PhD student at CEA Saclay, France, in the CosmoStat group, where he is working on sparse Blind Source Separation. His main interests are signal and image processing, linear and nonlinear component separation, multi-convex optimization, sparse representations and machine learning. Jérôme Bobin graduated from the Ecole Normale Superieure (ENS) de Cachan, France, in 2005, and received the M.Sc. degree in signal and image processing from ENS Cachan and Paris-Sud University. He received the Agregation de Physique, in 2004, and a Ph.D. in Electrical Engineering, in 2008, at CEA. From 2008 to 2009, he has been a post-doctoral scholar in Applied Mathematics at Caltech. Since 2009, he is a post-doctoral scholar in the mathematics department at Stanford University. Since 2010, he is researcher at CEA Saclay in the CosmoStat laboratory. In 2015, he has been awarded an ERC starting grant. His research interests include statistical signal processing, machine learning, multiscale methods and sparse representations in signal and image processing and their applications in astrophysics. Cécile Chenot received the M.Sc. in Electrical Engineering and Information Technology from the ETHZ, in 2014, the engineering degree from Supelec, in 2014, and the Ph.D. degree in Signal and Image Processing from the University of Paris Sud, in 2017. Starting from October 2017, she was Research Associate at the Institute for Digital Communications, University of Edinburgh School of Engineering. She is now working at Microwave Vision Group. Her primary research interests lie in signal and image processing, sparse representations, component separation and matrix factorization.

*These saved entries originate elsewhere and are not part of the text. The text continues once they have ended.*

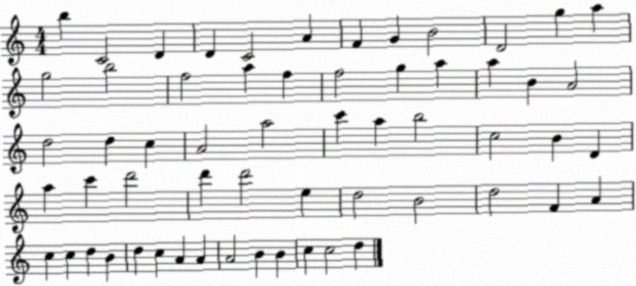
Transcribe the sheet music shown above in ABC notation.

X:1
T:Untitled
M:4/4
L:1/4
K:C
b C2 D D C2 A F G B2 D2 g a g2 b2 f2 a f f2 g a a B A2 d2 d c A2 a2 c' a b2 c2 B D a c' d'2 d' d'2 e d2 B2 d2 F A c c d B d c A A A2 B B c c2 d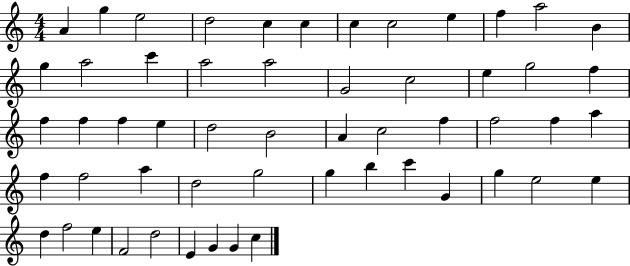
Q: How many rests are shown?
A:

Florent Sureau received a PhD in Physics from the Université Paris 11, in 2008, for his work on PET image reconstruction at the Service Hospitalier Frédéric Joliot (CEA), and held a post-doctorate position at the Vrije Universiteit Brussel, in 2008-2009, where he worked with Michel Defrise on truncated data reconstruction. Since then he has been working at the Laboratoire de Cosmologie et Statistiques (CEA) on solving inverse problems in astrophysics, in particular for the Planck and Euclid spatial missions. His research interests include sparse approximation and dictionary learning in signal and image processing.